Ingredients in red bayberry anthocyanin extract and its safe concentrations on STC-1 and NIT-1 cells

The extraction process and ingredient identification of the anthocyanin extract from red bayberry are shown in Fig. 1A. The anthocyanin extract was analyzed using UPLC at a wavelength of 520 nm, and the prominent peak was identified as C3G (Fig. 1B), referring to our previous work16. The safe concentration of C3G on STC-1 or NIT-1 cells was assessed using the cell viability assay. Figure 1C shows that incubating STC-1 cells with C3G at concentrations ranging from 10 µg/mL to 150 µg/mL for 24 h did not significantly reduce cell viability. Furthermore, exposure of NIT-1 cells to C3G concentrations between 10 µg/mL and 100 μg/mL for 24 h also did not lead to a significant decrease in cell viability (Fig. 1D). These results indicate that C3G at concentrations below 100 µg/mL is safe for both STC-1 and NIT-1 cells, and concentrations below 100 µg/mL were selected for further research.

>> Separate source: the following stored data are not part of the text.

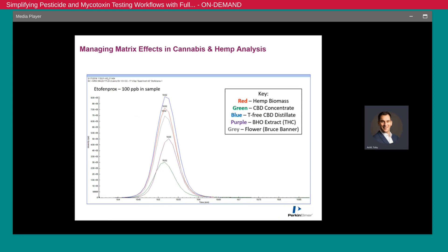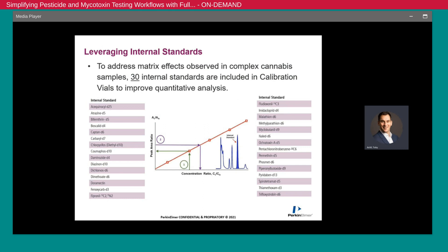We also appreciated that cannabis samples and cannabis matrix types have a significant influence on performance in the instrument. We can see five different cannabis and CBD samples of five different matrices having various degrees of ion suppression in the mass spectrometer. To mitigate and improve data quality for this test, we included 30 internal standards into the same reagent kit, which allow you to quantitate very low level pesticide and mycotoxin residues in a challenging cannabis matrix. Being able to source the internal standards at the same time as the calibration standards also means the lab can work with much more efficient processes.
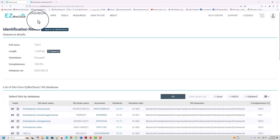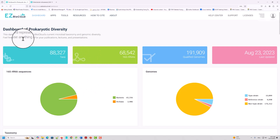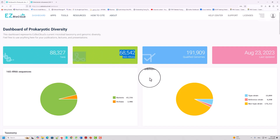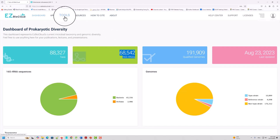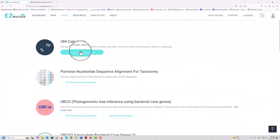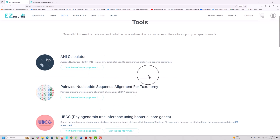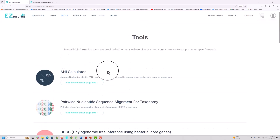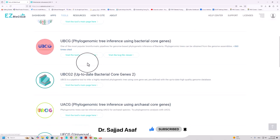In the next class, we will talk about some other features of EzTaxon, like how to compare whole genome databases. If you come to the dashboard of this database, you can see how many taxa, ribosomal RNA genes, qualified genomes, and reference strains there are. There are also multiple tools here, such as the ANI calculator — the Average Nucleotide Identity calculator — for comparison between two bacterial genomes.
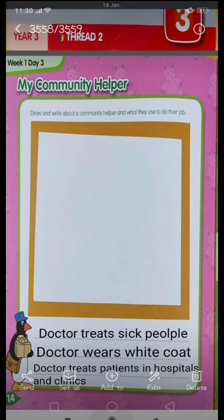Then you have to write three sentences about the doctor's job. First sentence: the doctor treats sick pupils. Second sentence: the doctor wears a white coat. Third sentence: the doctor treats patients in hospitals and clinics. That's all we have done on this page. Take care everyone, Allah Hafiz.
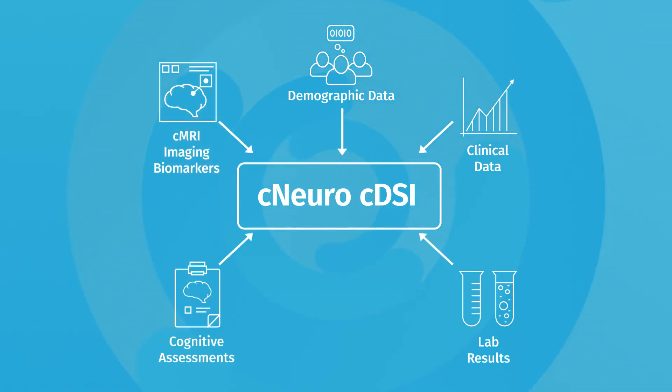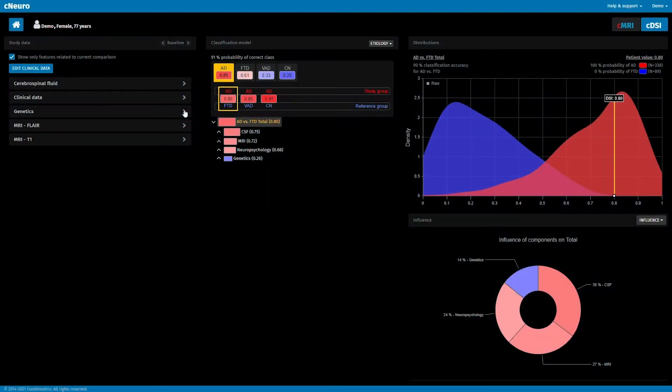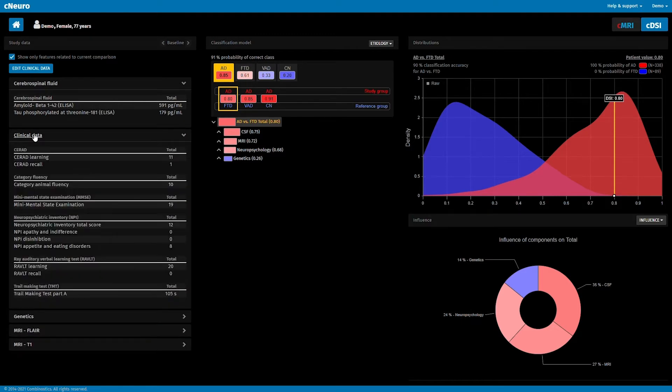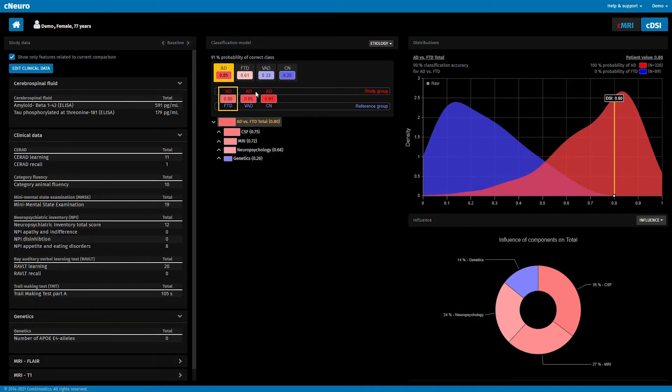For this patient in C-DSI, we have C-MRI results as well as biomarkers from cerebrospinal fluid, neuropsychology test results, and genetic information. These data are compared to a large database from previously diagnosed patients.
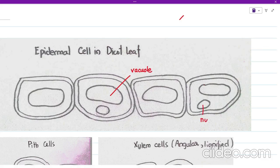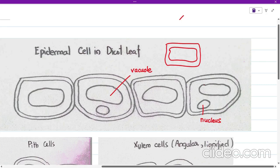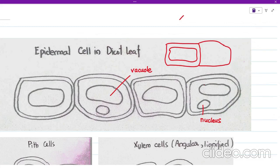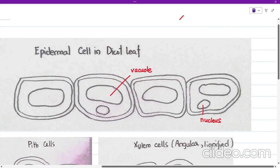This is the nucleus. One important thing: when drawing adjacent cells, the next cell must begin right from where the previous cell ends. Some students draw overlapping cells, where one cell's boundary extends into another — this is not allowed and will cost you marks, as tracing the cell wall ends up inside the other cell. Do not commit this mistake. That was the drawing of the epidermal cells.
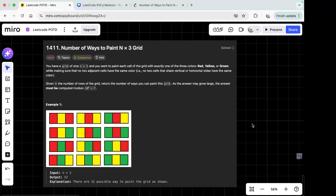Let's solve today's daily challenge: Number of Ways to Paint an N×3 Grid. You have a grid of size N×3 and you want to paint each cell with exactly one of three colors — red, yellow, or green — making sure no two adjacent cells share the same color. Given N rows, return the number of ways you can paint this grid. Since the answer may be large, compute it modulo 10^9 + 7.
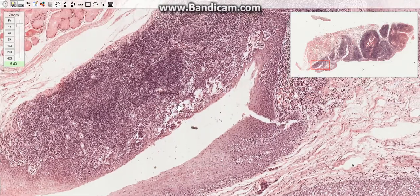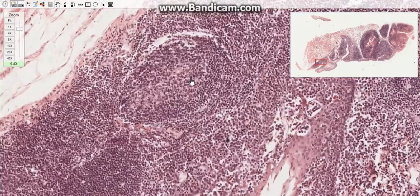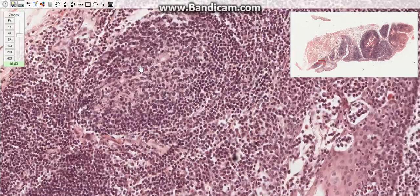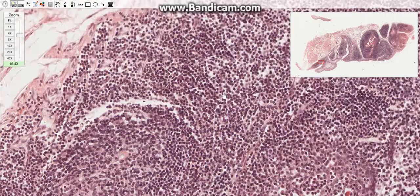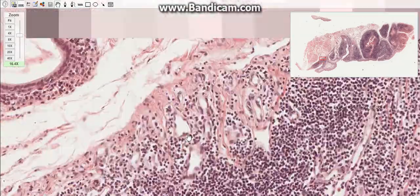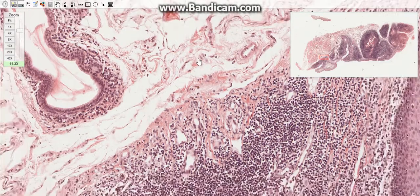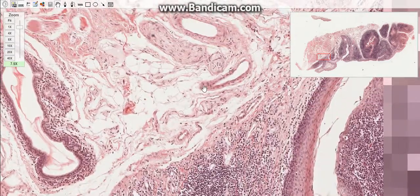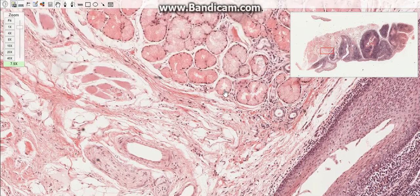The tonsils contain numerous lymphoid follicles, also called lymphoid nodules, with a germinal center which is the lighter part of the lymphoid follicle. There is also the lamina propria, which has numerous connective tissue cells. At the base of the tonsils, located on the lower part, there are blood vessels and salivary glands.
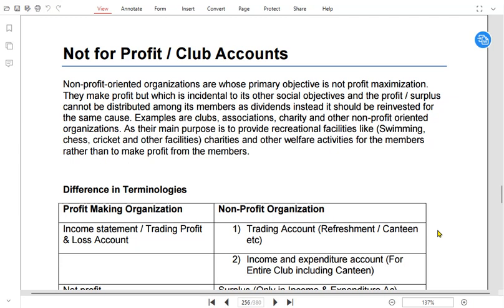The profit earned from charging for services cannot be withdrawn by anyone. There are no owners and no shareholders, so there is no concept of drawings or dividends. All of the profit is reinvested for the same activity or cause. For example, a cancer hospital whose objective is to treat cancer patients — whatever fees they charge would be reinvested to build new hospitals or new facilities. No one can claim ownership of such an organization.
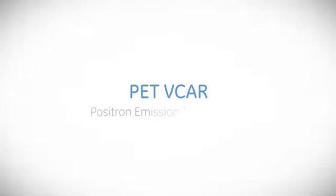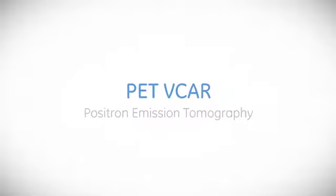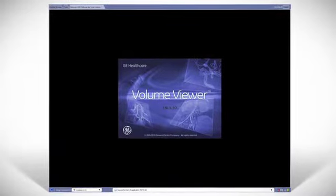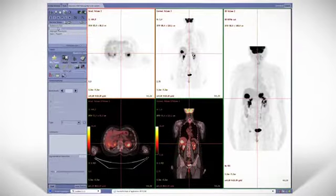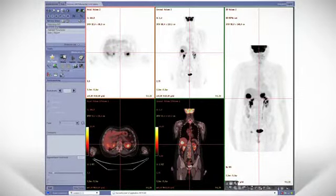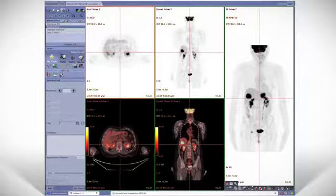As an integral part of the DEXIS seamless workflow environment, PET-VCAR is a PET-CT application optimized for visualization and analytical monitoring of disease progression or tumor response to treatment, assisting clinicians in diagnosis, staging, treatment planning, and monitoring treatment response.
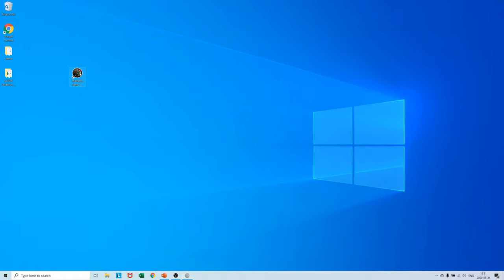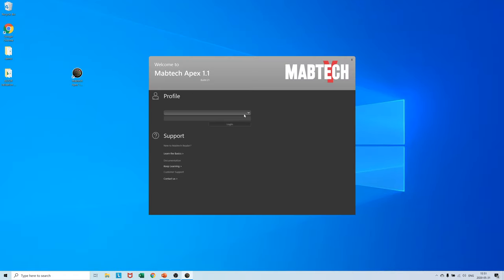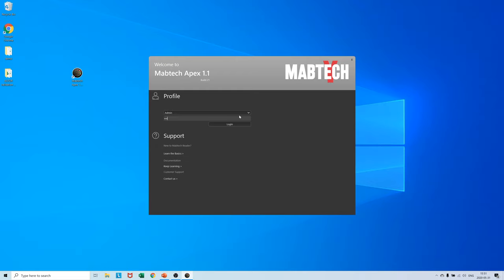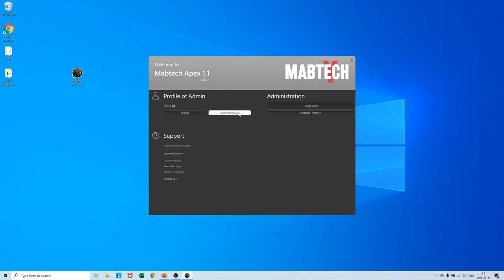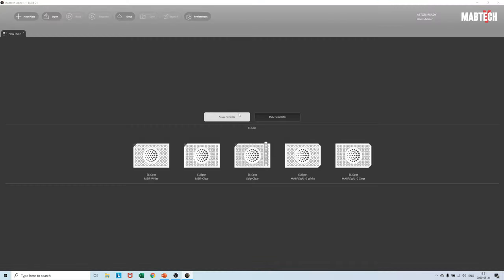We initiate our session by double-clicking on the Mabtech Apex software icon, logging in to the admin profile in the welcoming window, and then under new plate selecting the Elispot assay principle of our choice.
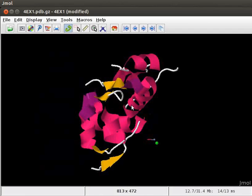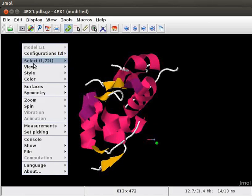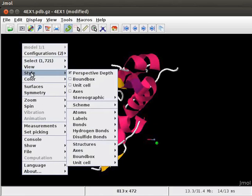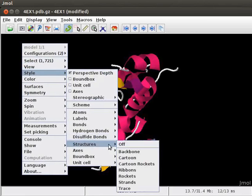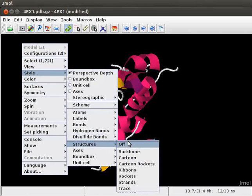For more display options, open the pop-up menu and scroll down to Style, then to Structures. Here, we see many more options to display secondary structure of protein.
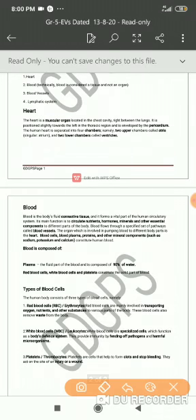Blood is also composed of certain cells: red blood cells, white blood cells, platelets, etc. Red blood cells, also known as erythrocytes, are the transporting cells of our body. It is the red blood cell that transports the good and the bad — good meaning oxygen, nutrients, minerals, etc., and bad meaning biological waste such as carbon dioxide, urea, creatine, etc. So the cell responsible for transport is the red blood cell, specifically called erythrocytes.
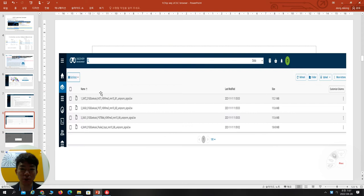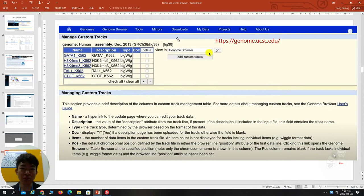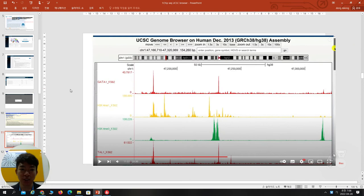After uploading, you can find a public link. When you click on a file, it shows certain rows, and from there you can find the public link. After copying this public link, go back to the UCSC Genome Browser, click 'My Data,' then 'Custom Track,' paste your data, and submit. I will show you this in detail one by one later.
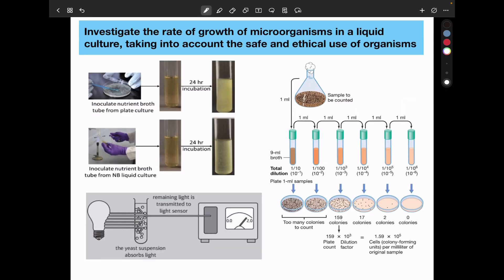I'm going to begin by looking at safety precautions. You need to wear eye protection. Keep the Bunsen flame away from the flammable substances — this includes the ethanol or alcohol used to sterilize the surfaces. You must culture using aseptic techniques like sterile equipment and wear gloves. You need to incubate cultures at temperatures below body temperature to prevent culture of pathogenic bacteria. Disinfect workspaces before and after the experiment, and you should safely destroy cultures by autoclaving at the end of the experiment.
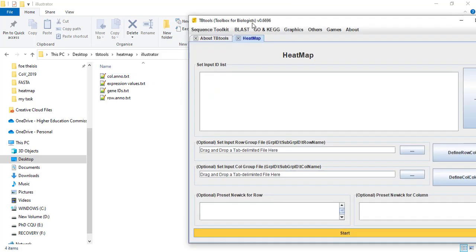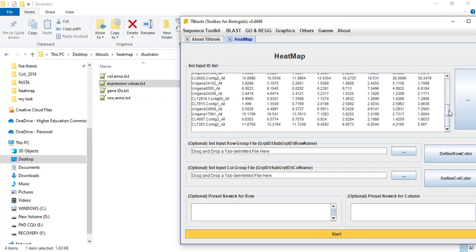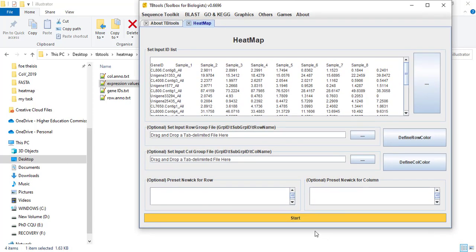Here I have some genes with their expression values in tab-delimited format. The first column shows the gene ID and the remaining columns are the expression values of these genes. I have 8 samples, so I have 8 columns plus a 9th column for the gene ID. Now click Start.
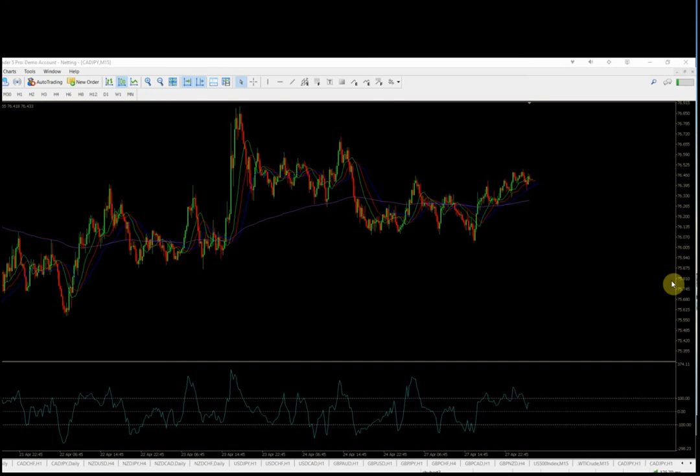Hey guys, good evening. It is 8:35 PM on Monday April 27th 2020, New York time. Hope you had a good day and a good weekend, and are staying safe and healthy out there in this coronavirus pandemic.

Fig. 1: Ingredients of anthocyanin extract from red bayberry and its safe concentrations for STC-1 and NIT-1 cells.
figure 1

A The process of anthocyanin extraction and identification. B UPLC profiles of the anthocyanin extract at 520 nm. C STC-1 cell viability was analyzed by cell viability assay (n = 6). D NIT-1 cell viability was analyzed by cell viability assay (n = 6). Con: negative control under low glucose; C3G: different concentrations of C3G intervention. Any two groups labeled with different letters (e.g., a, b, or c) on the histogram, indicate statistically significant differences (p < 0.05).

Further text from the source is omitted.